Hospital administrators have proven receptive when the radiology practice initiates the following steps: 

  • Request a meeting to discuss radiology issues and concerns and express a desire to establish a working committee to deal with them. At a minimum, this means having the radiology practice leadership set aside all history and complaints regarding the past. The goal is to start with a clean slate, an open mind, and the willingness to make changes as needed. Of course on that basis, it is fair to expect changes from both sides of the table.

  • Establish a joint operating committee with representation by key decision-makers from both the hospital and the radiology group. Other players (hospital IT for example) can be added on an as-needed basis as specific service elements are addressed.

  • Be willing to have difficult issues placed on the table. This may involve anything from personnel behavior issues to business relationships, especially if the group owns imaging centers that compete for hospital business. (And it doesn’t matter if the previous hospital administration turned down the opportunity to participate in them).

  • Establish a priority list and expect it to move slowly. When compared with the agility of a radiology practice, hospitals move ponderously and must involve numerous administrative layers to correct what may seem like a very basic issue, such as efficient, user-friendly scheduling. However, this is the opportunity to correct infrastructure problems that are a source of frustration to the physicians and also represent market barriers in terms of functioning as a competitive entity.
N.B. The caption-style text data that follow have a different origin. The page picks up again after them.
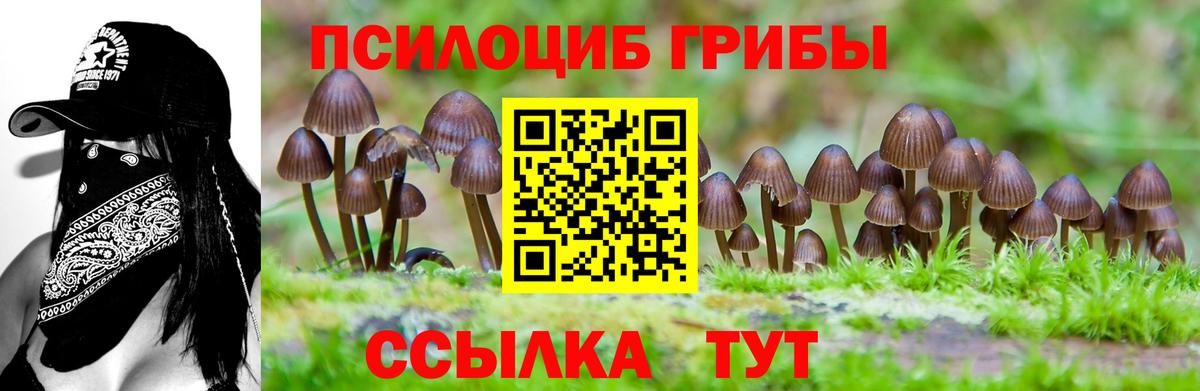 Сальск  Псилоцибиновые грибы Psilocybe  Псилоцибиновые грибы Cubensis  хочу наркоту  Вход с VPN 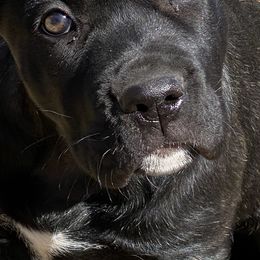 Cane Corso Puppies from Reliance Cane Corso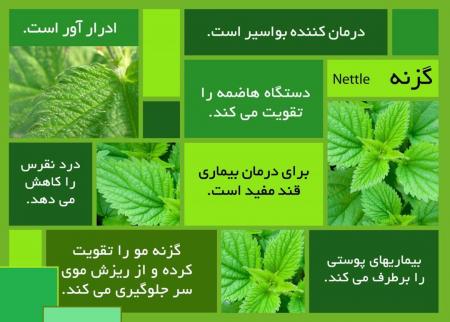 تنهابا یک گیاه؛ بواسیر/یبوست/ریزش مو/نقرس/قندخون/بیماری پوستی و گوارش را سالم سازی کنید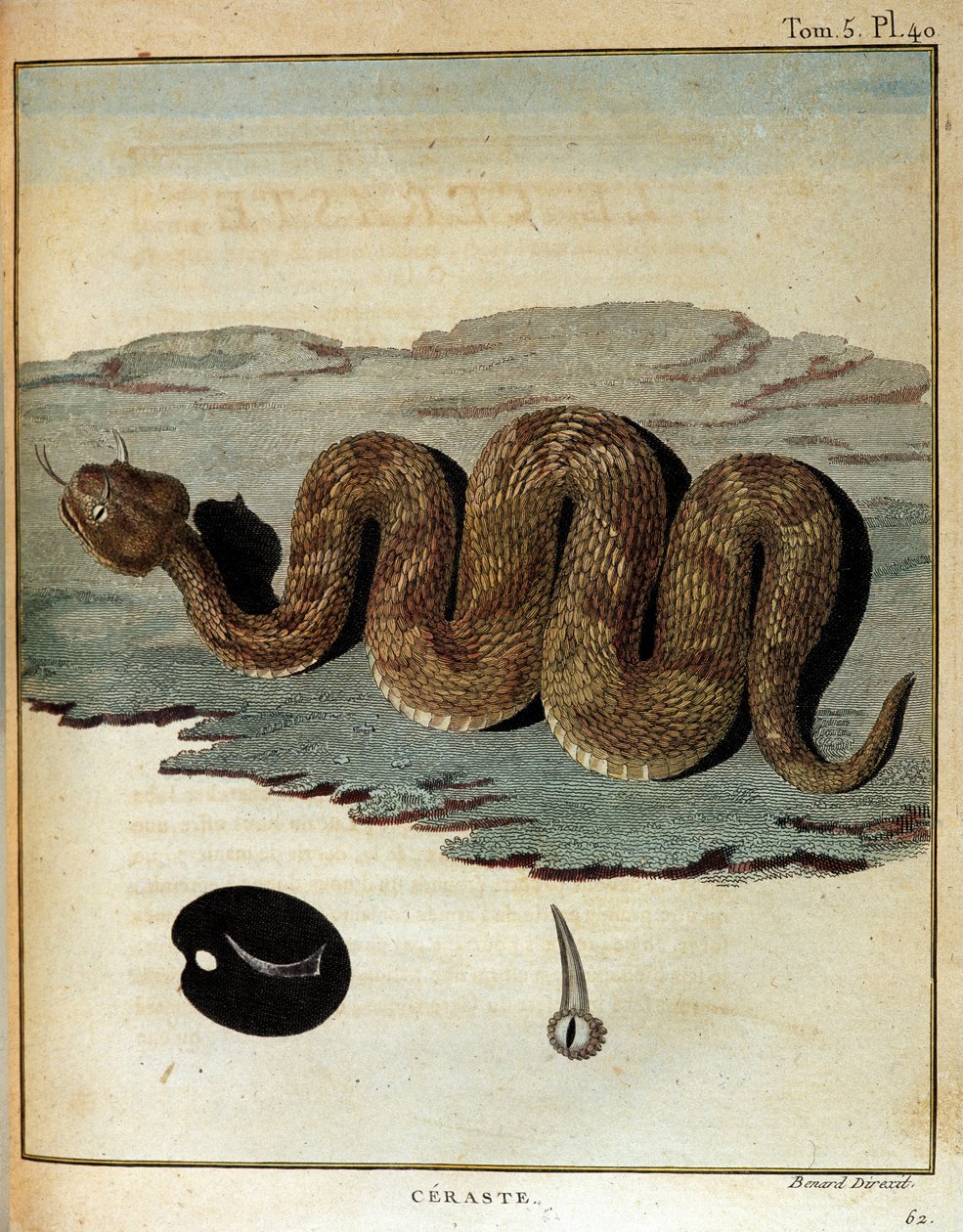 Serpent - in Journey to Nubia and Abyssinia undertaken to discover the sources of the Nile during the years 1768 to 1772, by James Bruce, Paris by James Bruce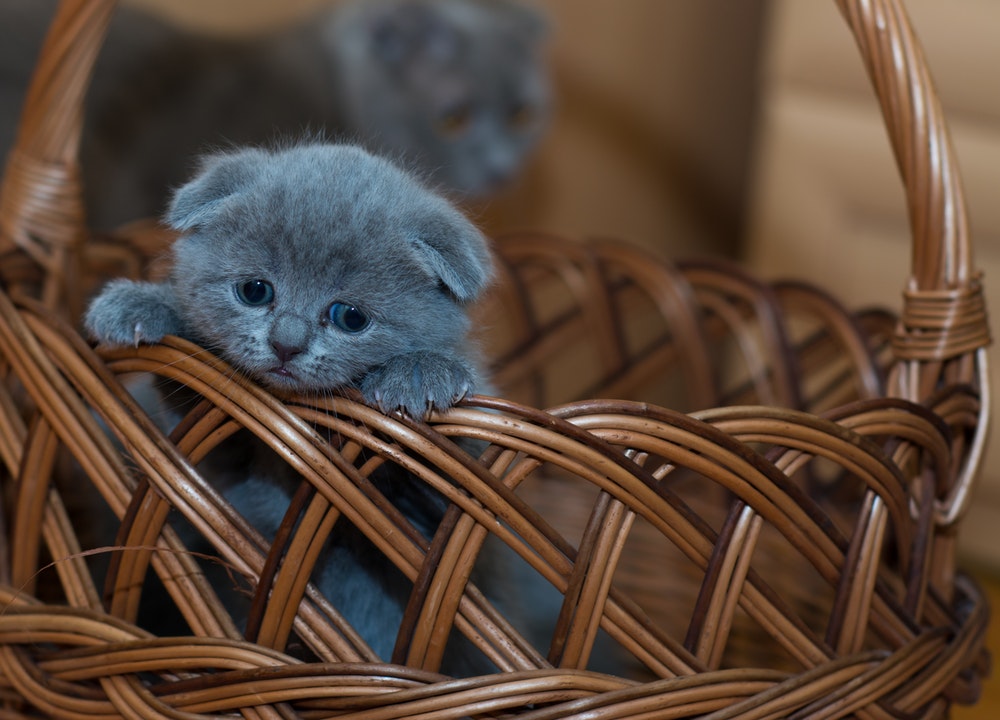 Pour adopter un chat à Madrid, vous devez remplir une série de conditions.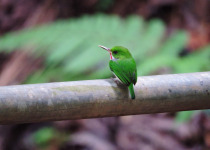 Mexican Tody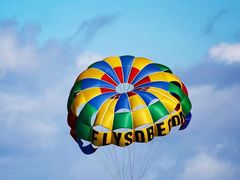 -邵年鸽(杨庄店)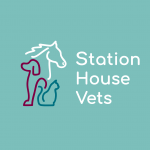 new station house vets rebrand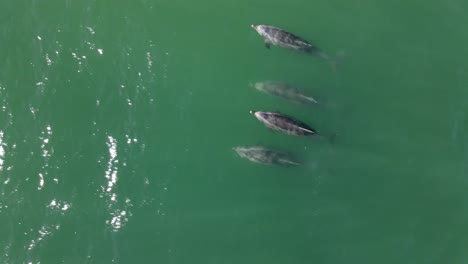 Aerial-4K-footage-of-a-pod-of-bottlenose-dolphins-swimming-by-the-coast-of-Santa-Barbara,-California,-USA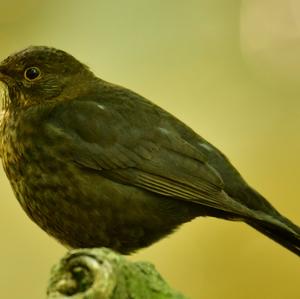 Eurasian Blackbird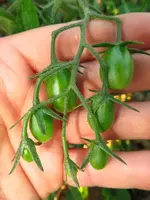tomatenzöglinge_sub4.webp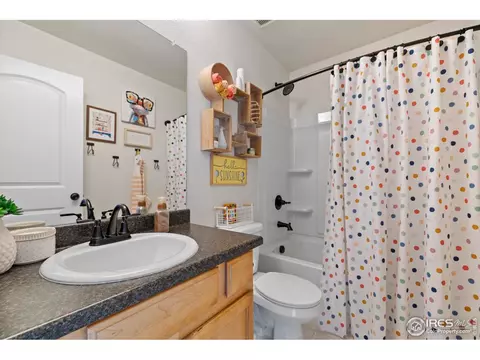 907 Barasingha St, Severance, CO 80550 photo 14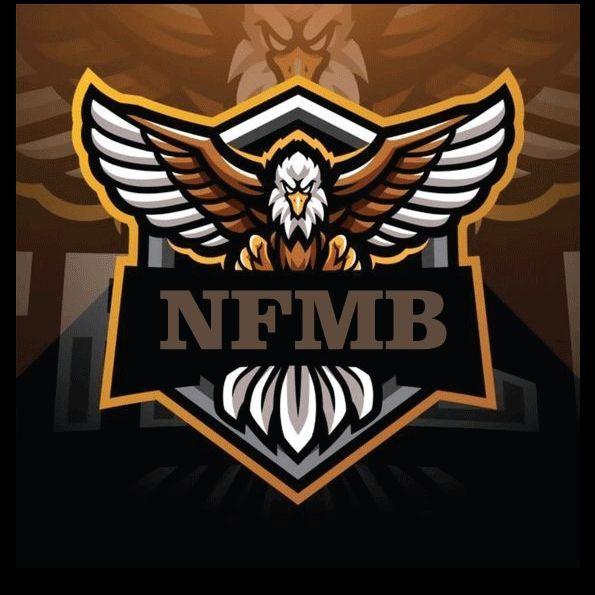 Player NFMB-BESII avatar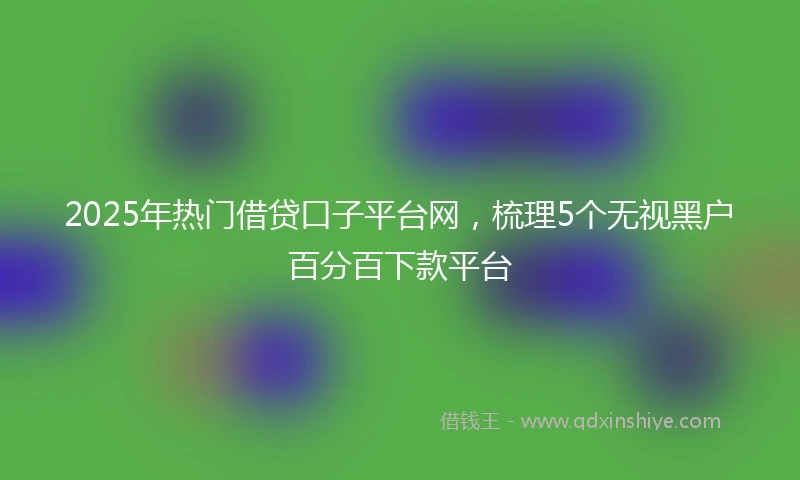 2025年热门借贷口子平台网，梳理5个无视黑户百分百下款平台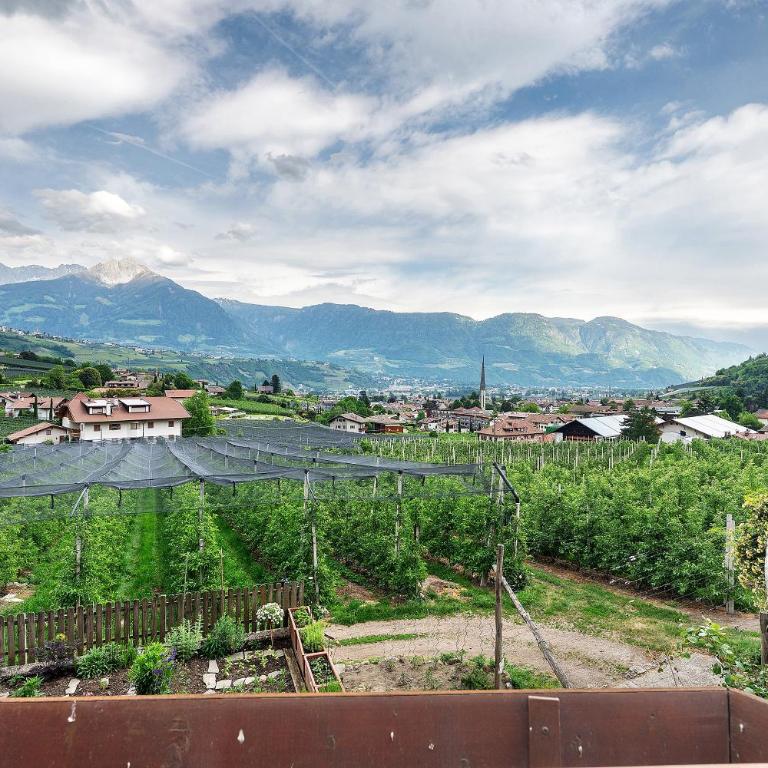 Residence Sonngart - Chambre Double - Vue sur Montagne - 7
  • Expect to be asked to participate in business development activities. For the most part, hospitals are willing to take the lead in terms of marketing but want to be assured the radiologists will offer strategic support. Since the link between successful marketing and day-to-day operations is critical, this again provides an opportunity to address poorly functioning hospital infrastructure processes.

  • Commit fully to the success of the effort. This means all radiologists in the practice support commitments made by physician leadership, even if it means changes in behavior from members of the group (or is a concession you personally would not have made). You will be judged on results-just as you will judge the hospital’s commitment to the relationship based on what gets done on its side.

The good news? Not all topics must be checked off the to-do list for the relationship to solidify on a new level. Progress will be recognized and long-standing tensions can be relieved early in the program as long as both parties work cooperatively to address common challenges. This also establishes a forum to address new issues while they are young and before they grow into large, emotionally charged problems.

This type of relationship may represent a new way of thinking for the old school radiology group. You know the group, the one whose members feel the professional services agreement is an entitlement and the hospital is lucky they show up for work each day. (While usually unspoken, this attitude is communicated clearly by the group’s behavior).

Times will continue to grow tougher for both hospitals and radiology practices. We have only begun to hear about the challenges ahead with healthcare reform, regulatory activity changing the rules of the game, and an economic climate that promises to tighten down further. The rough-and-tumble good old days, when there was a hefty profit in virtually every imaging venture, are gone. And a competitive marketplace, where teleradiology companies are adapting to take over radiology contracts, is in full play. Collaboration is critical, and if our hospital partners can’t find it in the current arrangement, they now have options to look elsewhere.

Our future as hospital-based physicians depends on better understanding where we are and where we need to be as valued business partners and then adapting to ensure mutual success. Those who fail (or refuse) to play by new, evolving rules can too easily find themselves discarded.